The East Islip native then coached two years at his alma mater, then came near his hometown and was a coach at Wagner for three years. After serving as the running backs coach as well as quarterbacks coach and offensive coordinator at Wagner, Calabrese reached the highest level and joined the NFL.
He spent two seasons as a coach for the Denver Broncos, serving as offensive quality control coach in 2019 and 2020. Then in 2021, he returned close his hometown, again becoming the quarterbacks coach for the New York Jets. In 2023, Calabrese will coach future Hall of Famer Aaron Rodgers and the Jets in East Rutherford.
“He’s great; having another guy from Long Island in the building is great just to be able to talk to him about certain things other people might not understand, but like I said, he’s a great coach. He knows the game well. He came from the same area as I did, so obviously there’s a sense of pride in that, and just continuing to grow and learn from all those guys is great, and to be able to bring more notoriety to Long Island each and every day is great for the both of us,” said Jeremy Ruckert.
Islip Bulletin: How did your East Islip roots help pave the way for a career in the NFL?

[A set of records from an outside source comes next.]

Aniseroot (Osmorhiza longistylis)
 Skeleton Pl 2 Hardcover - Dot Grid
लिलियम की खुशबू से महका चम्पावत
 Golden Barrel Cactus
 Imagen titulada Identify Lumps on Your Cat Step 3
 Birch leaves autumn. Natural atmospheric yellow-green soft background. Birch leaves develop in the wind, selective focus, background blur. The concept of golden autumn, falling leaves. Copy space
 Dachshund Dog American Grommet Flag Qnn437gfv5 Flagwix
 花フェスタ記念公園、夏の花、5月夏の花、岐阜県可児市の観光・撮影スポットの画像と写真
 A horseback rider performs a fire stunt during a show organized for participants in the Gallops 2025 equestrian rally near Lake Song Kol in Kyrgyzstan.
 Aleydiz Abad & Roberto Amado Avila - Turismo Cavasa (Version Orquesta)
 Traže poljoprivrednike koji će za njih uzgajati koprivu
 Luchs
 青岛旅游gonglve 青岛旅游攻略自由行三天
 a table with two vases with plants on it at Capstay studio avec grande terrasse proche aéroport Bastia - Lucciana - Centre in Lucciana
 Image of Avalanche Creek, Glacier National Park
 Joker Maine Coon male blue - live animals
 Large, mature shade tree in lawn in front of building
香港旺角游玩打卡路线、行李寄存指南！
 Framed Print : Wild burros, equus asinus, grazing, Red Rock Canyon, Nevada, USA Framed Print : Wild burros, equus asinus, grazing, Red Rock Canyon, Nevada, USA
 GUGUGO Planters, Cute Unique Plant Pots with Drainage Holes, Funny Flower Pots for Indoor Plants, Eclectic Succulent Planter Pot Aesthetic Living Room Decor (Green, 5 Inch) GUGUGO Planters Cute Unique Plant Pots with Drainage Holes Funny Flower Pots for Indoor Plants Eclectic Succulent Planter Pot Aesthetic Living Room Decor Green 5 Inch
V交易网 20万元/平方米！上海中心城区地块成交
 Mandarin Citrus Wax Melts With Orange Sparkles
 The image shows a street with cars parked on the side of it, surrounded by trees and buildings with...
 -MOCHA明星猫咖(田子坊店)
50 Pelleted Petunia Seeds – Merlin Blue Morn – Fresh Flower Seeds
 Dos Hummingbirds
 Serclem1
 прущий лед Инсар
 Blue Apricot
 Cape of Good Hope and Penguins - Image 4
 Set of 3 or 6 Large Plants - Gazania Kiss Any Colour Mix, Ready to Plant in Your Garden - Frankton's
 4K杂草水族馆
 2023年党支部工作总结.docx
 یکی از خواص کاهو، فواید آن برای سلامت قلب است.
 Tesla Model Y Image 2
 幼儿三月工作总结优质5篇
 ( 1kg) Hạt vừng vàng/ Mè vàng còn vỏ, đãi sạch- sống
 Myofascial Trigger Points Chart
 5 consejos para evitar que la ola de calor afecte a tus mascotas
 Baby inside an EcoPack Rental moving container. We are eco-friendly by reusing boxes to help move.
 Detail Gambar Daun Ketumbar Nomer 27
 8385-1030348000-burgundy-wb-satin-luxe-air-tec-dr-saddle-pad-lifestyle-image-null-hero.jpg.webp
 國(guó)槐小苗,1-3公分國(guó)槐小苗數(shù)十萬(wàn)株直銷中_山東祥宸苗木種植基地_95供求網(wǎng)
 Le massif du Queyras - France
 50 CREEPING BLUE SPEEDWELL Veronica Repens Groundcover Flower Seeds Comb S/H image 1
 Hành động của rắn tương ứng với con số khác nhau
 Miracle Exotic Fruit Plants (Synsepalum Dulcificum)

Calabrese: It definitely paved the way. I still do have a great relationship with Sal Ciampi, my high school coach, and he was one of the main reasons why I was able to go play college football to come from a program like East Islip, one of the most respected programs on Long Island. It was huge for me, and I think Sal has helped me out through my coaching career. We still keep in contact. We talk ball but other things as well, so he’s a good friend of mine and I really appreciate coming up through that program and what he’s done for me.
Islip Bulletin: George O’Leary, from Central Islip, was your coach at UFC. Would you talk about George O’leary?
Calabrese: Yeah, so the connection was Sal Ciampi Sr. was good friends with coach O’Leary, who coached at Central Islip at the time. Sal coached at East Islip. So, once I started getting some interest in college, he kind of showed me a little about UCF and got me in contact with coach O’Leary. I was able to be lucky enough to get an offer and go play for coach, but that was a great experience. I have a lot of respect for coach O’Leary; he’s developed me into the man I am today. From going through that program, I was really, really happy and pleased with how my college career went.
Islip Bulletin: You coached in the Senior Bowl last spring before Jeremy Ruckert got drafted, and then he got drafted by the Jets. Can you talk about that?
Calabrese: Yeah, it was cool. It was a great opportunity for our whole staff to be at the Senior Bowl and to get an in-person evaluation with these players. You go through the combine, you get to meet with these guys sporadically, but to have the players there for four days, especially Jeremy, I knew about him from Long Island, but just to get him there for that week, and I was lucky enough to be the coordinator for that game and see him operate within our system. We thought very highly of him and it all comes out that we drafted him, so it worked out.
Islip Bulletin: Do you think Jeremy will get more plays from scrimmage this season?
Calabrese: He’s developing into a player that deserves to be on the field. And I think he showed that the last game of the year against Miami. He had an opportunity, and he did the most with it. He was very physical; he caught the ball well and he did some really good things on the run game, so he’s had an outstanding camp. His athletic ability just shows up, so it’s a competitive room, but I think they all bring different value to the field, and they all deserve to be on the field.
Islip Bulletin: Is there anything in particular that you think Zach Wilson has learned from Aaron Rodgers that can benefit him either currently or in the future of his career?
Calabrese: There’s not just one thing in particular. I think myself included to be in the room with Aaron and the amount of knowledge and experience he has playing in the league this long and just where he’s at in his career with his openness to share that knowledge and make the room better for them from that standpoint. Every day is a huge opportunity for Zach to get better and he’s embraced that. He’s taken that challenge and he’s improved his overall play, his confidence. I think he’s truly enjoying the game now and a big part of it is because Aaron’s in the building.